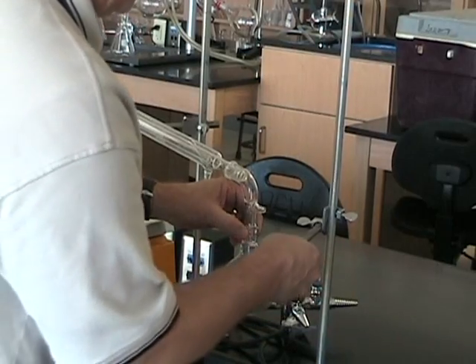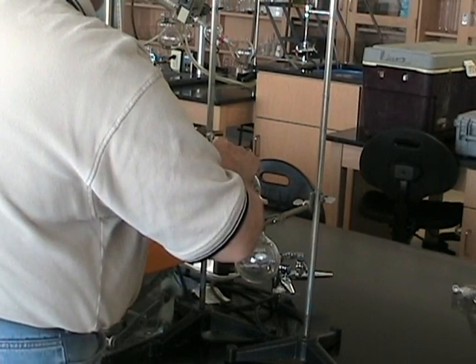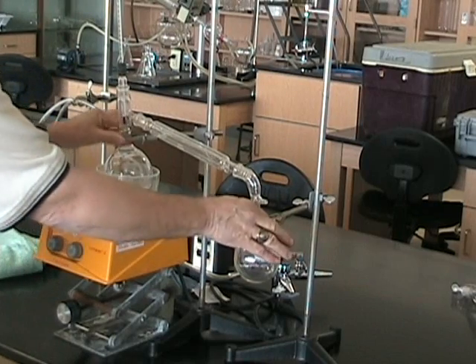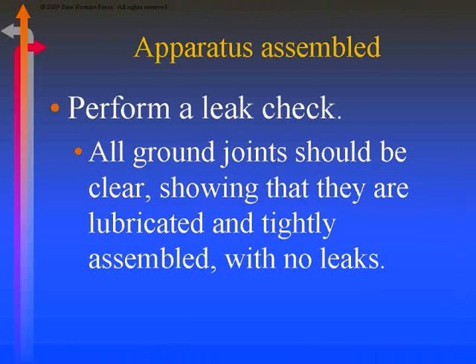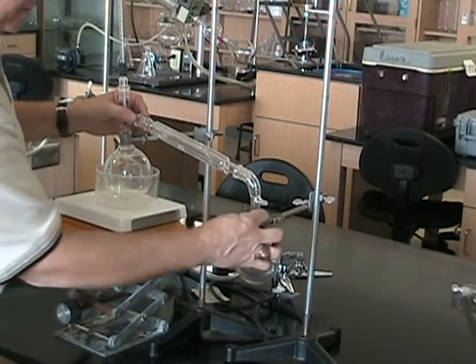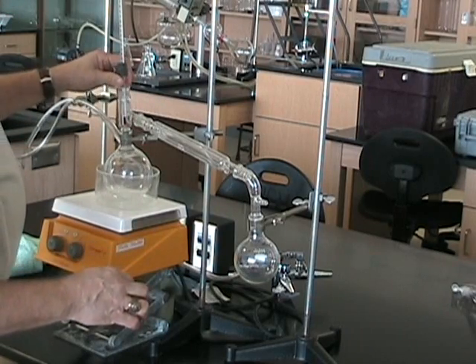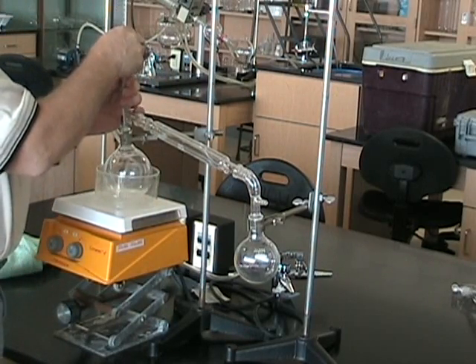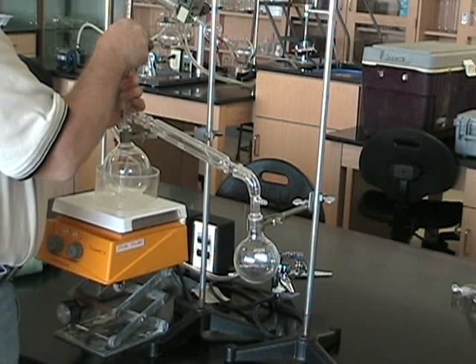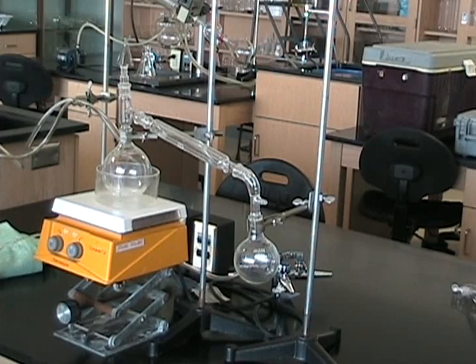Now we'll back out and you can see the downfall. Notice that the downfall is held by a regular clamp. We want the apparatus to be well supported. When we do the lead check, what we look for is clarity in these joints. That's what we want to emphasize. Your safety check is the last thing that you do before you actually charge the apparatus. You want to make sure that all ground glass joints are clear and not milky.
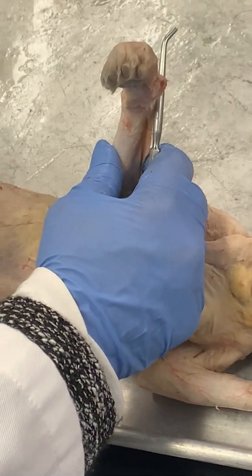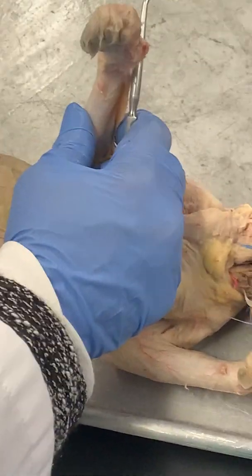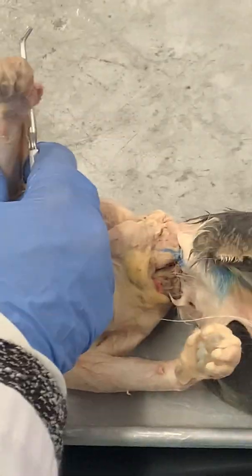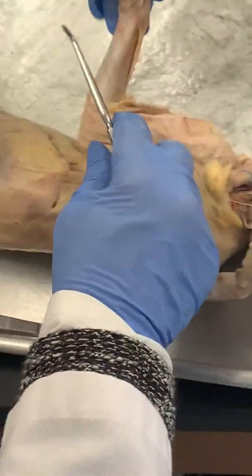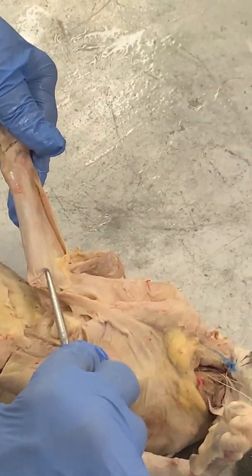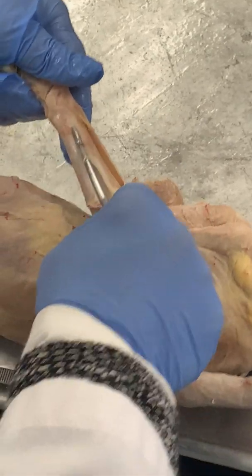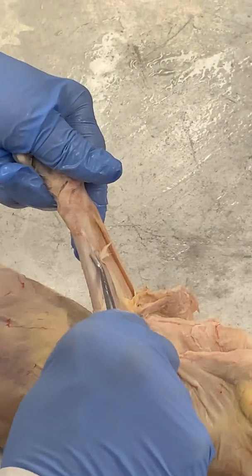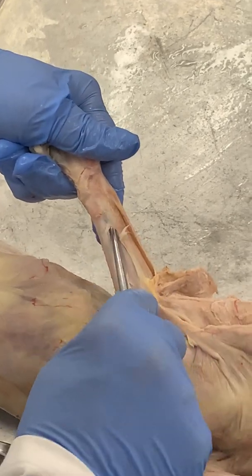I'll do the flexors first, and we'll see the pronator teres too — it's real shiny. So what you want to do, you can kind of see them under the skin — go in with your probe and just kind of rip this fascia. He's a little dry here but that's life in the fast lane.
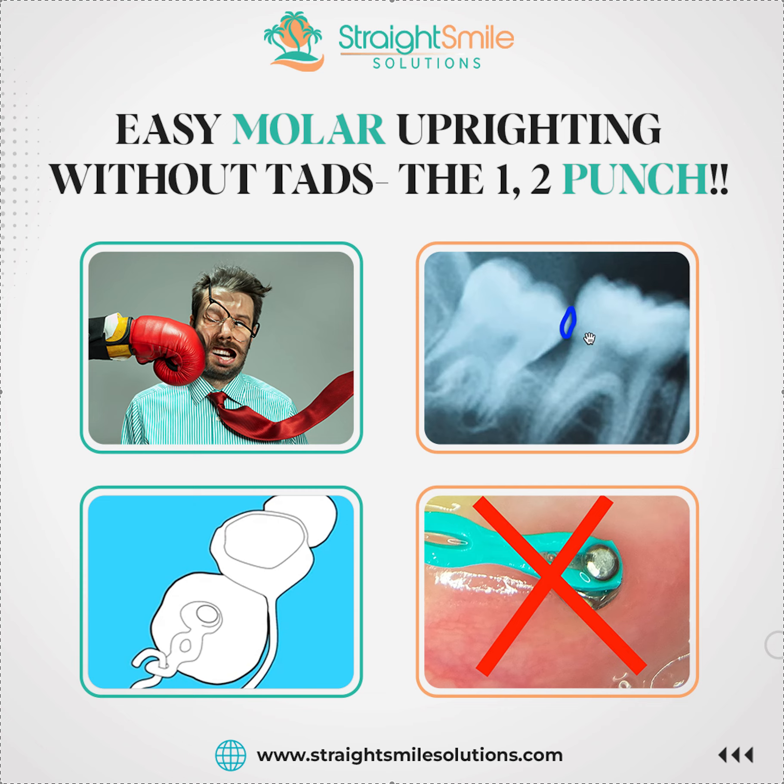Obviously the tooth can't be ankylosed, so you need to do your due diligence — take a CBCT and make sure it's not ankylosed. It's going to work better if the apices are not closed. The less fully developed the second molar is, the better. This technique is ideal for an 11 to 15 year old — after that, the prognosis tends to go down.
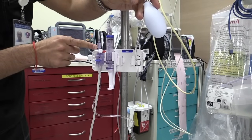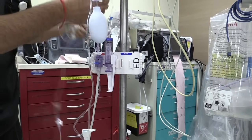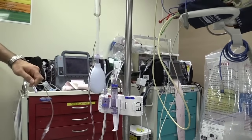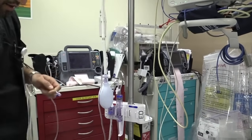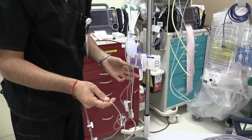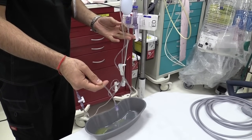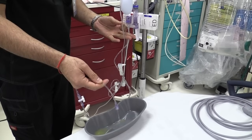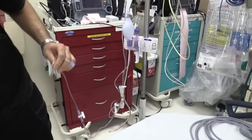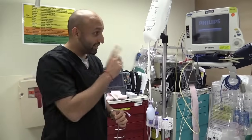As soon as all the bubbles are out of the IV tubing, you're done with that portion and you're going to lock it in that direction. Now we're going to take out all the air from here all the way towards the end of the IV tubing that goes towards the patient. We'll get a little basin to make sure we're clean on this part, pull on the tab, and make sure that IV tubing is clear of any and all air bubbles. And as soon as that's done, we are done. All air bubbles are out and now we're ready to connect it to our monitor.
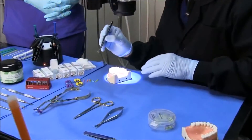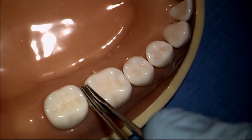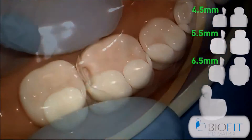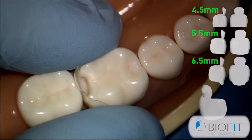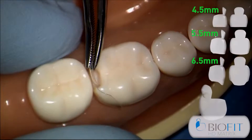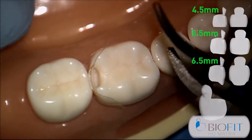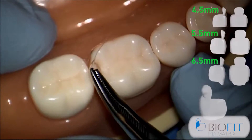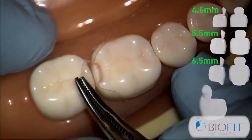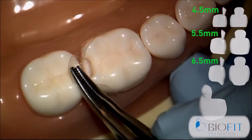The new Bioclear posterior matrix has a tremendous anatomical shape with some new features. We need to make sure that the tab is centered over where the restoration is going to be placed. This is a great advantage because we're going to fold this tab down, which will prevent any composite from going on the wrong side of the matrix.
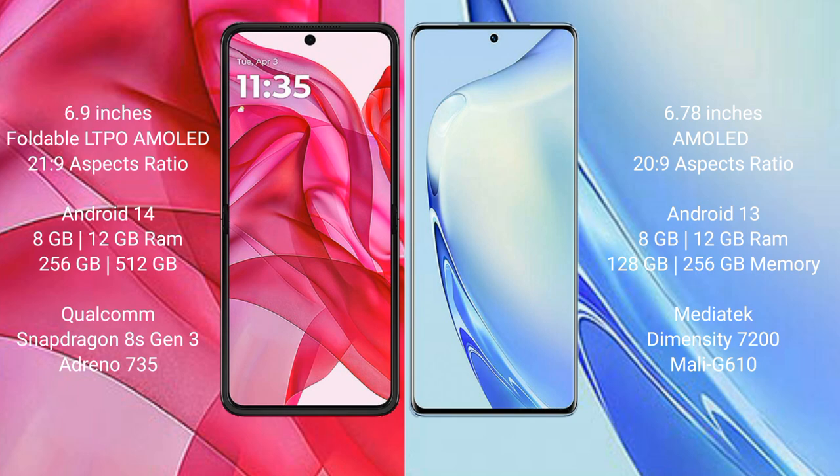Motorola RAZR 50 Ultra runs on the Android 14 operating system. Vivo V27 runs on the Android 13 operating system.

**Exercise goal:** Print all the entries exactly as they appear, without the pictures.

**Solution to the exercise:**
Now we'll back out and you can see the downfall. Notice that the downfall is held by a regular clamp. We want the apparatus to be well supported. When we do the lead check, what we look for is clarity in these joints. That's what we want to emphasize. Your safety check is the last thing that you do before you actually charge the apparatus. You want to make sure that all ground glass joints are clear and not milky.
I'll do the flexors first, and we'll see the pronator teres too — it's real shiny. So what you want to do, you can kind of see them under the skin — go in with your probe and just kind of rip this fascia. He's a little dry here but that's life in the fast lane.
Obviously the tooth can't be ankylosed, so you need to do your due diligence — take a CBCT and make sure it's not ankylosed. It's going to work better if the apices are not closed. The less fully developed the second molar is, the better. This technique is ideal for an 11 to 15 year old — after that, the prognosis tends to go down.
As soon as all the bubbles are out of the IV tubing, you're done with that portion and you're going to lock it in that direction. Now we're going to take out all the air from here all the way towards the end of the IV tubing that goes towards the patient. We'll get a little basin to make sure we're clean on this part, pull on the tab, and make sure that IV tubing is clear of any and all air bubbles. And as soon as that's done, we are done. All air bubbles are out and now we're ready to connect it to our monitor.
The new Bioclear posterior matrix has a tremendous anatomical shape with some new features. We need to make sure that the tab is centered over where the restoration is going to be placed. This is a great advantage because we're going to fold this tab down, which will prevent any composite from going on the wrong side of the matrix.
Motorola RAZR 50 Ultra runs on the Android 14 operating system. Vivo V27 runs on the Android 13 operating system.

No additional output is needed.